→ **Exercise goal**
Return all of the data that follows precisely, leaving every image out.

→ **Given information**
···

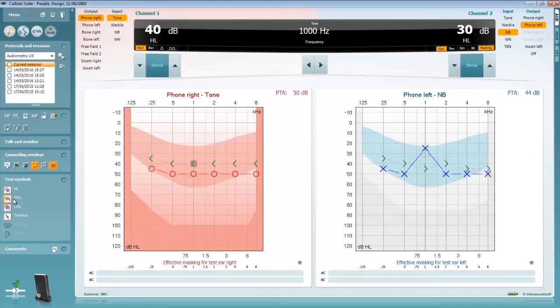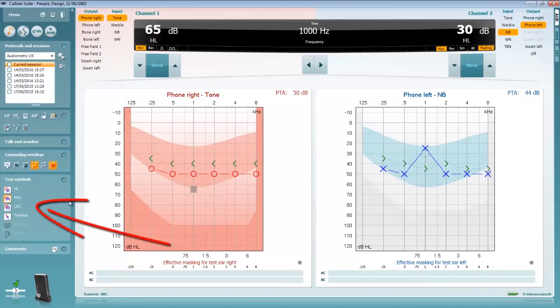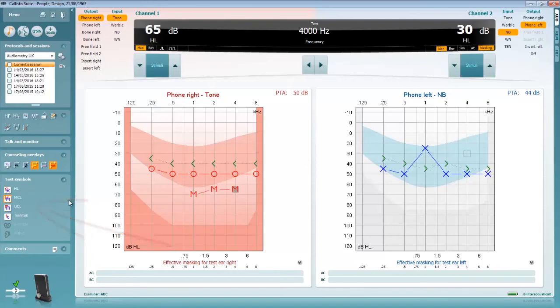Should you wish to make measurements other than just threshold measurements then you can select most comfortable level or uncomfortable loudness level. Selecting either of these will change the symbol sets. Operations of these other tests are performed in the same way as instructed previously in this video.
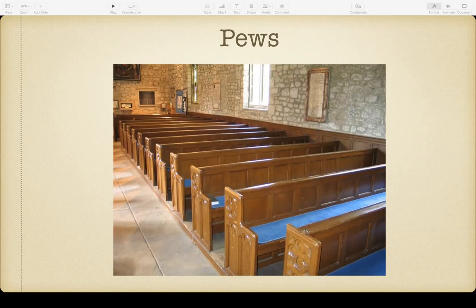If you look at these pews, they're pretty uncomfortable — they were designed with really straight backs as a way to keep people awake during long sermons.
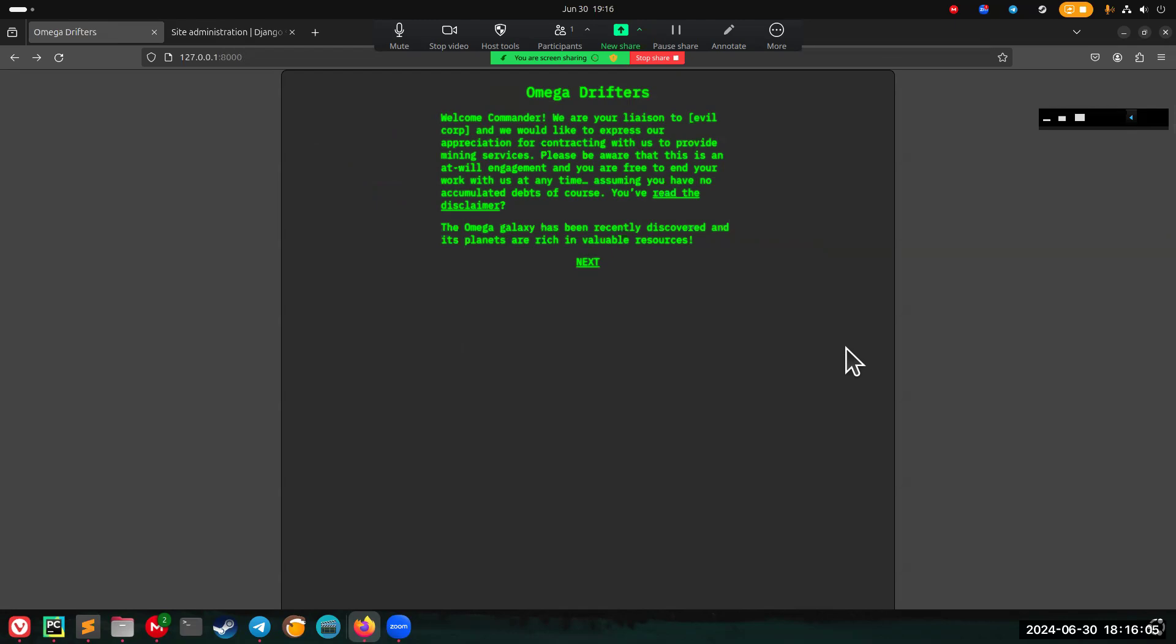Hi, I'm Alex, and this is my journal of a game that I'm creating called Omega Drifters.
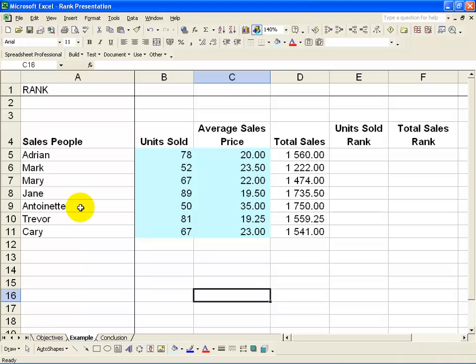What the Rank function is very useful for is determining, for example, who is the best and worst in a situation and their rankings in between.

···

→ **Reply to the exercise**
Should you wish to make measurements other than just threshold measurements then you can select most comfortable level or uncomfortable loudness level. Selecting either of these will change the symbol sets. Operations of these other tests are performed in the same way as instructed previously in this video.
If you look at these pews, they're pretty uncomfortable — they were designed with really straight backs as a way to keep people awake during long sermons.
Hi, I'm Alex, and this is my journal of a game that I'm creating called Omega Drifters.
What the Rank function is very useful for is determining, for example, who is the best and worst in a situation and their rankings in between.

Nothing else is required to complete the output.